Aldir, letrista de várias grandes canções, mas sem temperamento ou saúde para realizar shows, está sentindo as consequências da nova economia da música.

— Minha renda mensal cai há anos, e cada ano é pior que o anterior. No momento, estamos vivendo de empréstimos bancários e adiantamentos, cada vez mais difíceis, porque viram bolas de neve. Março, junho, setembro e dezembro costumavam ser os melhores meses, porque ao pagamento do Ecad (Escritório Central de Arrecadação e Distribuição) somavam-se os pagamentos das editoras pelas vendas de discos. Hoje, você ter a abertura da novela "O astro" ("Bijuterias", música dele com João Bosco) não representa mais nada, seja como direitos de execução, seja como venda.

Maior transparência do Ecad é o que, como tantos outros, pede Mauro Aguiar, de 43 anos. Mesmo gravada por Ney Matogrosso, uma parceria sua com Zé Paulo Becker não lhe rendeu mais de R$ 200. Seu maior retorno se deu quando "Baião de Guanabara" (melodia de Guinga) foi gravada por Sergio Mendes nos EUA, onde as regras são mais claras.
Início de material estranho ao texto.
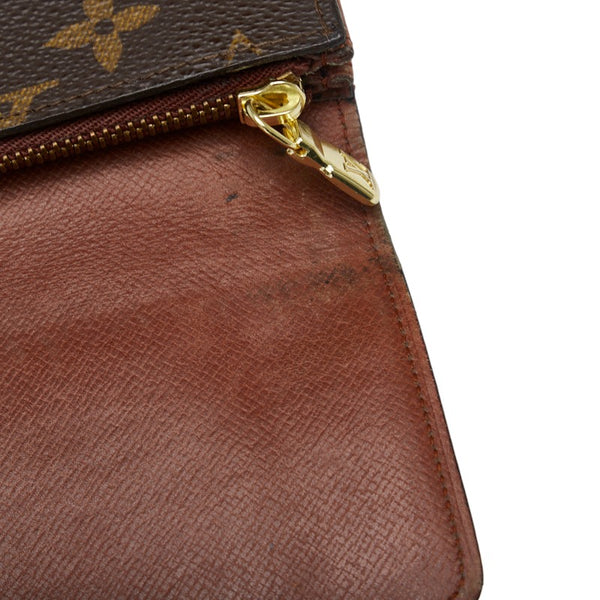 ルイ ヴィトン モノグラム ポシェット ポルト モネ クレディ 長財布 M61723 ブラウン PVC レザー レディース LOUIS VUITTON 【中古】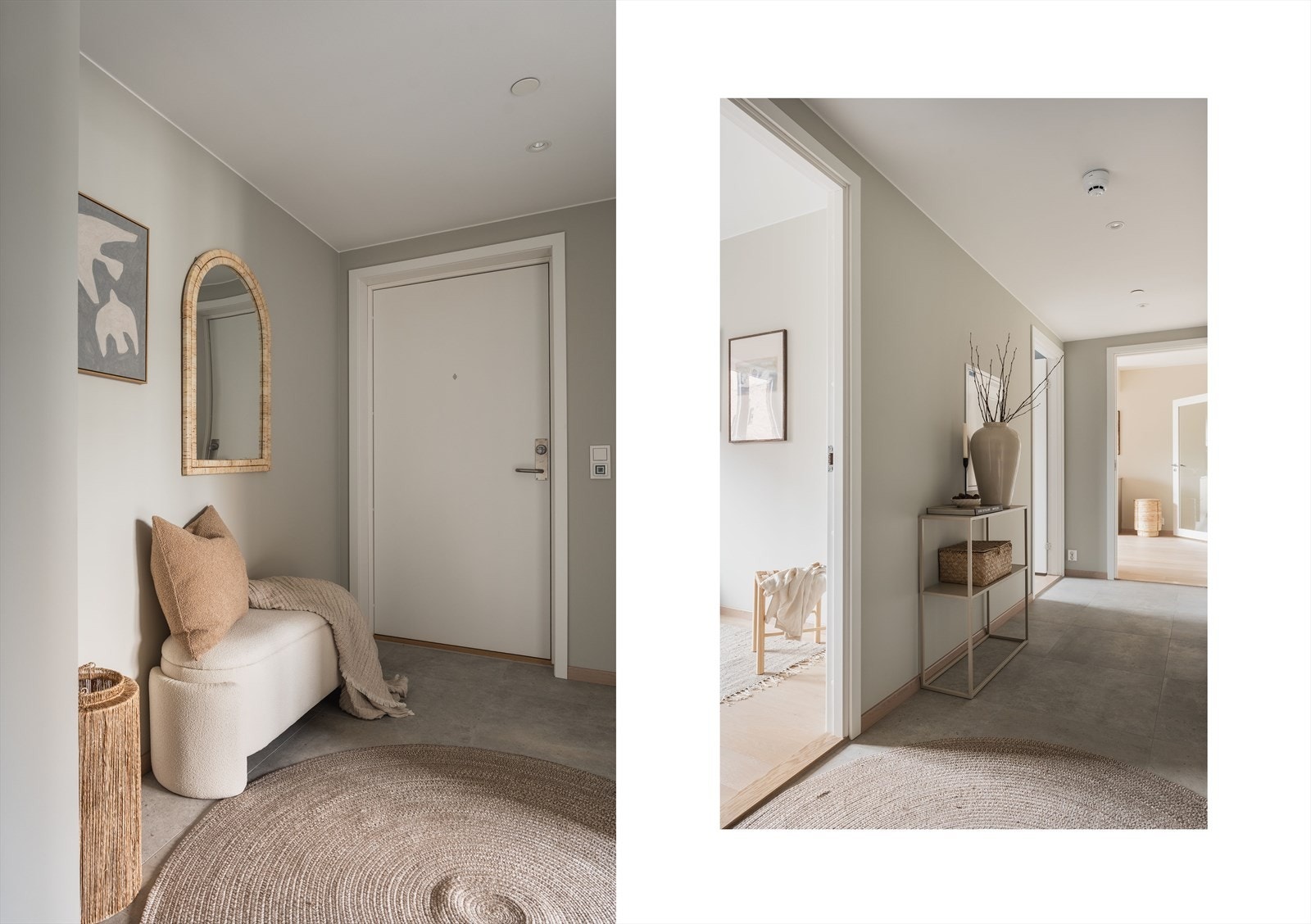 Store, delikate fliser på gulv og moderne vegger Galleribilde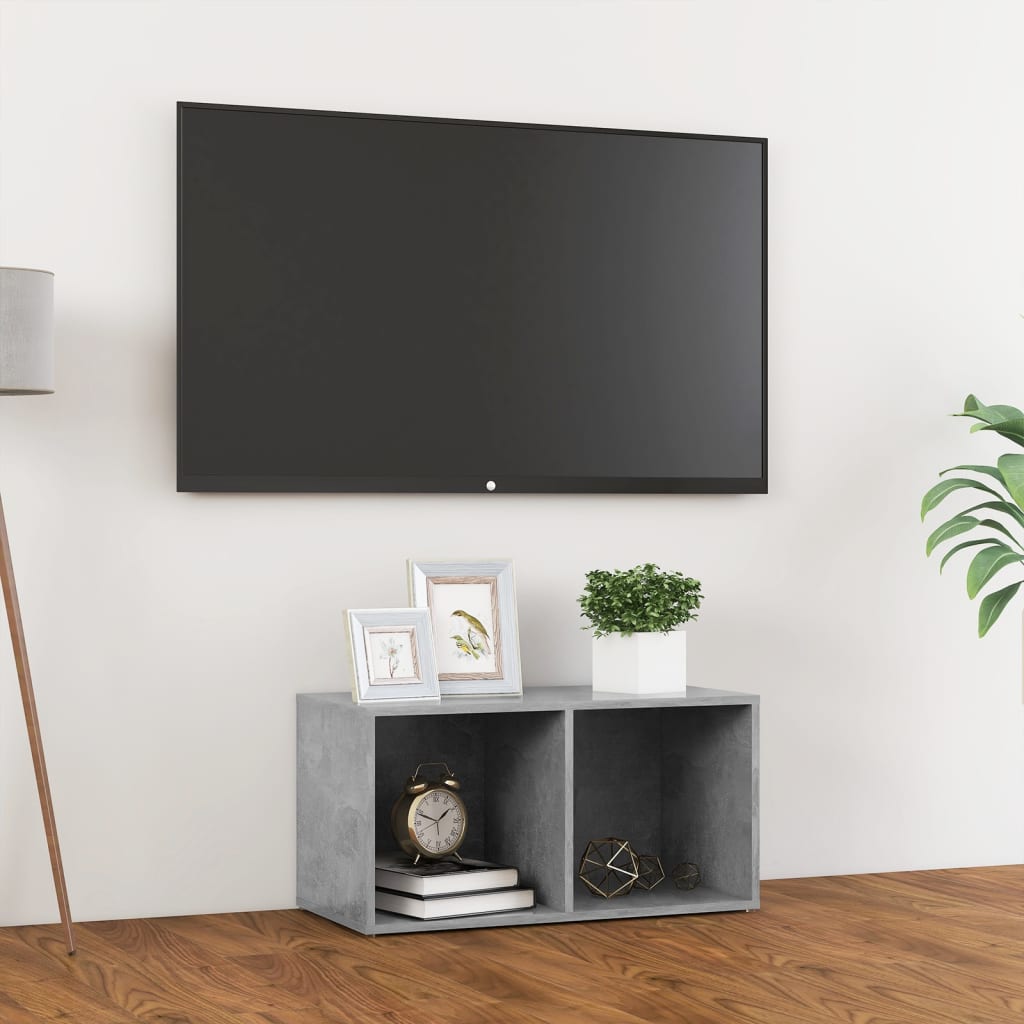 Meuble TV Bas Gris Effet Béton - 72 cm-Mon Meuble TV-36.5 cm-72 cm-1-1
— Resolvi fazer discos e shows para ter mais acesso ao público, mas sempre tive prejuízo nos shows — diz ele, que trabalha como designer.

As mudanças afetaram até um antigo campeão de vendas como Zeca Pagodinho. Os compositores de seus sucessos, que recebiam gordos adiantamentos, hoje também apostam em shows para complementar a renda.

— O ruim é passar vergonha, porque não entendem como o autor de "Deixa a vida me levar" não tem muito dinheiro — brinca Serginho Meriti.